Required work:
Return exactly those lines of the material below that fall between the line holding "Total Graph of Alex 206" and the line holding "Immigrants from North", inclusive.

Exercise materials:
┌────────
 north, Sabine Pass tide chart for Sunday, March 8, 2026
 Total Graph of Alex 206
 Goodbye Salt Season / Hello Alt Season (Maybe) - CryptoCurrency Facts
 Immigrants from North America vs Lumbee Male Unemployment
└────────
┌────────
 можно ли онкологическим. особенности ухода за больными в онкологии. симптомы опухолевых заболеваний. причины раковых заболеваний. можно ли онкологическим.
└────────
Your response:
 Total Graph of Alex 206
 Goodbye Salt Season / Hello Alt Season (Maybe) - CryptoCurrency Facts
 Immigrants from North America vs Lumbee Male Unemployment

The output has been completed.